The parent is not defining a monad with that sentence, he is defining what a
monadic function is given that you have something that behaves like a monad

> I sort of understand the three laws after that, but it's like someone asking
> "what are operations on numbers" and getting the answer "operation is any
> operation that's associative, commutative, etc". It does nothing to explain
> monads to me, it just tells me that a monad is any thing that obeys three
> things. That information is completely useless to me.

The thing is that there is not much more to a monad than those three laws and
the two functions(return and bind/join).

Nonads are remarkable because lots of things happen to behave like monads(i.e
have return and bind defined in a way that follows those operations). This
includes interpreters, actions with side affects, non deterministic
computations, computations with the possibility of failure and many other
things.

Monads are useful because they let you write code that is reusable across all
monads and not just the one you happen to be coding for.
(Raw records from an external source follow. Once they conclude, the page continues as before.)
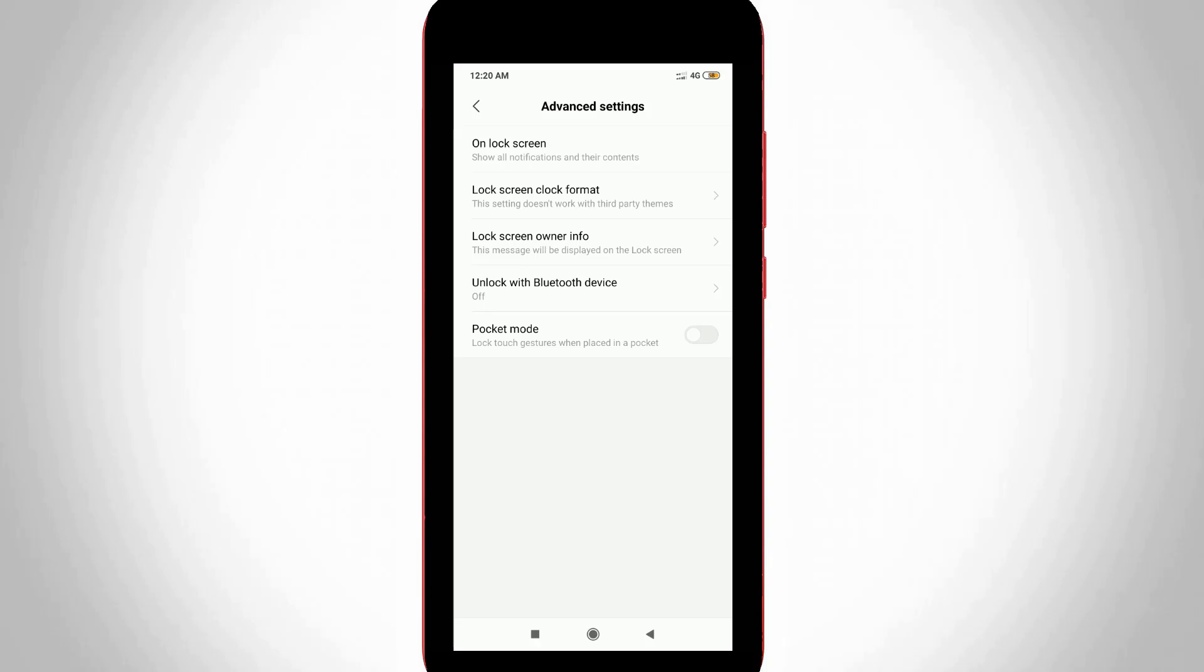Once your changes are saved successfully, then how to check if my name is visible or not? Just turn off your display by pressing the power button, and after a few seconds, once again press that same power button to wake up your display.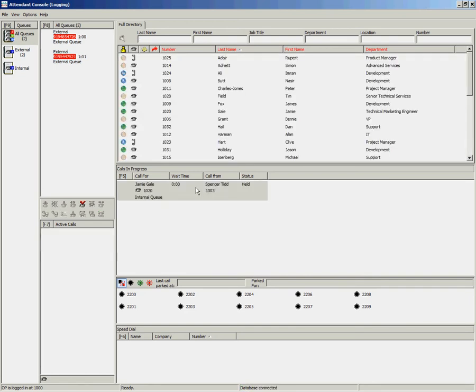This time when the call goes on hold, you can see who you placed the call on hold for, as well as their BLF information. This will show you if they are available or on the phone.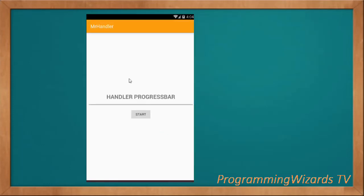In this example we'll see how to use the Handler to post progress into the UI thread from a background thread. We're going to associate our Handler, which is a class defined in the android.os package that allows us to send and process message and Runnable objects. We'll associate it with a background thread, then it will send or post progress updates from that background thread to the user interface thread.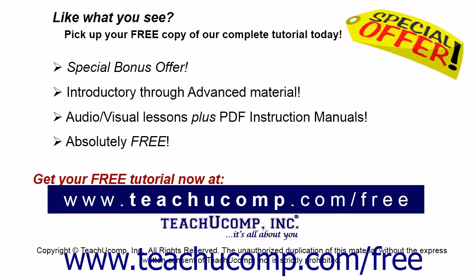Like what you see? Pick up your free copy of the complete tutorial at www.teachucomp.com/free.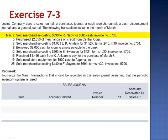March 2nd: sold merchandise costing $3.90 to Nagy for $5.85 in cash. This would not be recorded in the sales journal, but instead in the cash receipts journal. March 5th: purchased $2,850 of merchandise on credit. This transaction would be recorded in the purchases journal.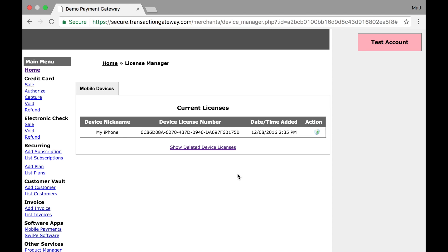As you can see, I have one active license and it is a mobile device license right now. For mobile devices, the device nickname will be whatever you entered in iProcess during setup, the license number is generated by the Gateway, and you can see when it was added.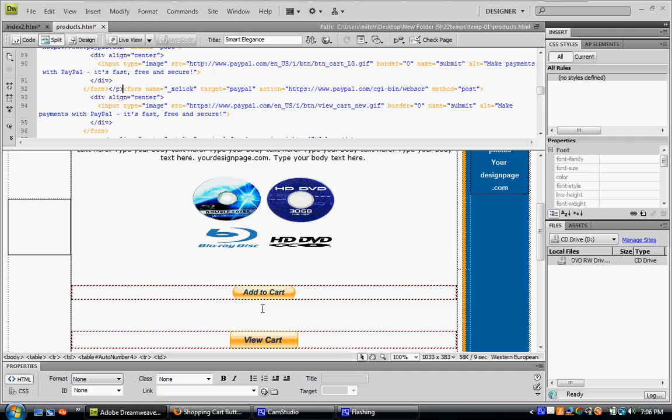If you have any questions about the add to cart buttons or any other buttons for PayPal, comment the video or send me a message. I'll help you out. Thanks for watching.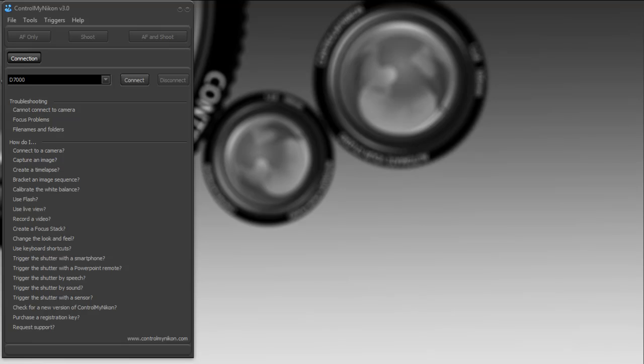Hello everybody, this is Russ Bucher from ControlMyNikon and welcome to the connecting tutorial. We're going to take a look at how you connect ControlMyNikon to your camera.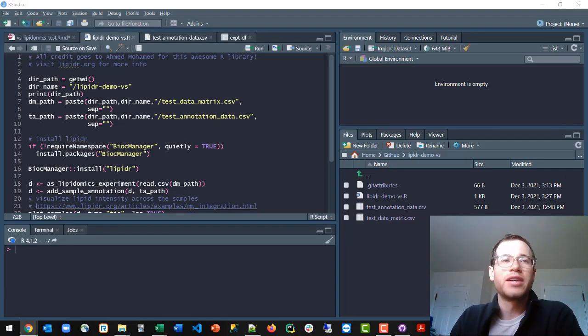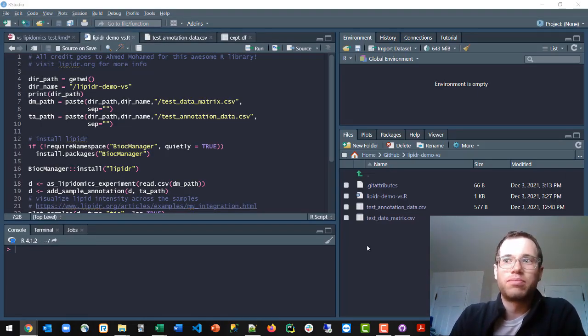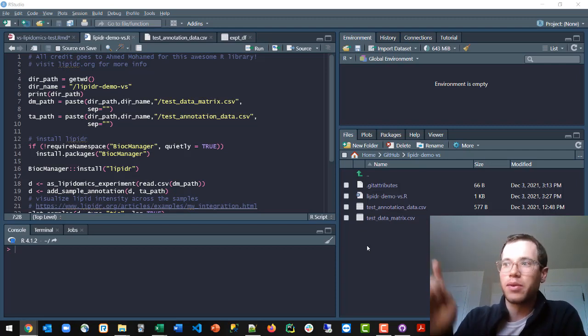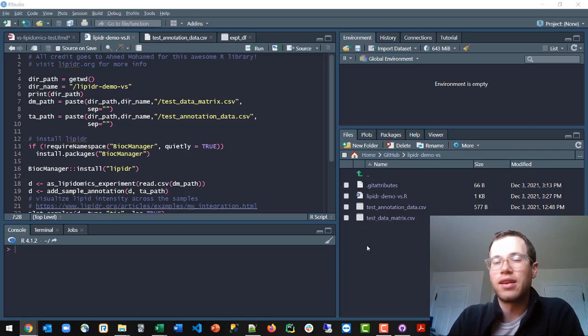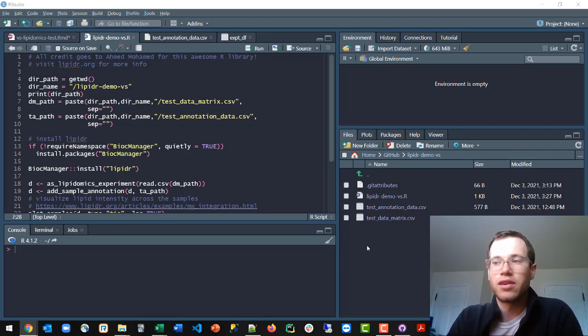Basically, the way in which you do this is as follows. I'll provide a GitHub repo where I've uploaded the sample data that is on the Lipidr website in a CSV format. So basically, you just start out with two CSVs.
If you look at code
that is written like this, after enough experience you will get a vague idea
of what it does, but its actual function will almost completely differ based
on what kind of monad you use it for. This gives you a great amount of
flexibility and refactorability as you can tweak and extent monads or create
entirely new monads while still having this great mass of reusable code
already written for you to use.

Like the OP says, a monad is not some tangible concept like an object or a
function. It is a concept that groups other concepts together.

To learn about monads, you have to look at specific examples like the List
monad, or the State monad or the IO monad. But there is no general explanation
of a monad any more tangible than what the parent said.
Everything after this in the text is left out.